**The data**
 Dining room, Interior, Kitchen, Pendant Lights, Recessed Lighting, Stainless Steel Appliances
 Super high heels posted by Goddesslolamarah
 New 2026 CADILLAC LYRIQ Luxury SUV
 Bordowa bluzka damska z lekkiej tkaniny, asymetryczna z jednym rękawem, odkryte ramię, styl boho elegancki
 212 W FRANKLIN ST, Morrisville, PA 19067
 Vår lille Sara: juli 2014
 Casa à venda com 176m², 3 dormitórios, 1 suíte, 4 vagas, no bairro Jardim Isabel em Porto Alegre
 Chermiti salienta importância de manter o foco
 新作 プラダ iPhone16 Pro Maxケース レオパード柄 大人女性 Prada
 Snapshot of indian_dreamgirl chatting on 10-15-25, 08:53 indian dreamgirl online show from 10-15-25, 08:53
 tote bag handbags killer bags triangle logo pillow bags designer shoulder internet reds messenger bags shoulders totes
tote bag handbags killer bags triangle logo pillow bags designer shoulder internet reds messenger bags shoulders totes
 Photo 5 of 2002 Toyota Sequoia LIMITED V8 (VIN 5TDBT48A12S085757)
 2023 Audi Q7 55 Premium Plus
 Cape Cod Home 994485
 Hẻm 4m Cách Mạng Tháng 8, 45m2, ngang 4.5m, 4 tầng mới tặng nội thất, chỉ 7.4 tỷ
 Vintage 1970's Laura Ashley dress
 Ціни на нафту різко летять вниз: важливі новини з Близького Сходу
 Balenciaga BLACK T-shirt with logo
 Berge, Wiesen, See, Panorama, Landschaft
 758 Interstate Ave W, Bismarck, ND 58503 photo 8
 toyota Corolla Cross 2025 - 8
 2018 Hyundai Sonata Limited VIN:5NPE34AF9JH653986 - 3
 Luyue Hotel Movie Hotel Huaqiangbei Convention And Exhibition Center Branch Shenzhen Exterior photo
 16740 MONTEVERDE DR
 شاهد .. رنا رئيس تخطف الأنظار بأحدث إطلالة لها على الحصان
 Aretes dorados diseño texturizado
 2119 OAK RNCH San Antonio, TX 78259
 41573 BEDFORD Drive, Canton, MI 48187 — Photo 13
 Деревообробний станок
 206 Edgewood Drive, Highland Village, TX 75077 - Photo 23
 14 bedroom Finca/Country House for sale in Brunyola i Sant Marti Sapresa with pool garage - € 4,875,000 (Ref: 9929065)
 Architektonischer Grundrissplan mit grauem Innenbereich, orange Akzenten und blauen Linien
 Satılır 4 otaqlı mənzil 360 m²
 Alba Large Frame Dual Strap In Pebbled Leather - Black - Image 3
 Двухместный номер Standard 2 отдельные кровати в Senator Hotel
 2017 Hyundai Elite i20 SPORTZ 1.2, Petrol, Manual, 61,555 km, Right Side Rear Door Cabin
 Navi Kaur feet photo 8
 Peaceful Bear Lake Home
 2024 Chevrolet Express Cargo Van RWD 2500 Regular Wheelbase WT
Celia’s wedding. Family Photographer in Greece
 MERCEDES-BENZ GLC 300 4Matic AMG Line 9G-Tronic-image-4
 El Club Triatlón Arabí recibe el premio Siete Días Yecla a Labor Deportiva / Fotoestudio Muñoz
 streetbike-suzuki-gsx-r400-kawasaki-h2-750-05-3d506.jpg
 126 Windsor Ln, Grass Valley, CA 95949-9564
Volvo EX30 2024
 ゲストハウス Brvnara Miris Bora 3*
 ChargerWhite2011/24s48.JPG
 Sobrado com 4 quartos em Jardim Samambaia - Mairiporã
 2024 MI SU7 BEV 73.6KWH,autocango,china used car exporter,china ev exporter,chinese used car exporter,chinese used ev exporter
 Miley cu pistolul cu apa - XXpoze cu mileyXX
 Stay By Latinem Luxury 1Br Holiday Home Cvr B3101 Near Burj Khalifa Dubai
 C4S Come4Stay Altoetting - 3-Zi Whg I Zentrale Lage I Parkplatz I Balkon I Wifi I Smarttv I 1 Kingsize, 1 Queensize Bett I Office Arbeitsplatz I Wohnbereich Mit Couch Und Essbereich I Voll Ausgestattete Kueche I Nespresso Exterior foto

**Task item**
Output exactly one stretch of the listing: from the line containing "Berge, Wiesen, See, Panorama, Landschaft" through the line containing "Деревообробний станок", both end lines included.

**Reply to the exercise**
 Berge, Wiesen, See, Panorama, Landschaft
 758 Interstate Ave W, Bismarck, ND 58503 photo 8
 toyota Corolla Cross 2025 - 8
 2018 Hyundai Sonata Limited VIN:5NPE34AF9JH653986 - 3
 Luyue Hotel Movie Hotel Huaqiangbei Convention And Exhibition Center Branch Shenzhen Exterior photo
 16740 MONTEVERDE DR
 شاهد .. رنا رئيس تخطف الأنظار بأحدث إطلالة لها على الحصان
 Aretes dorados diseño texturizado
 2119 OAK RNCH San Antonio, TX 78259
 41573 BEDFORD Drive, Canton, MI 48187 — Photo 13
 Деревообробний станок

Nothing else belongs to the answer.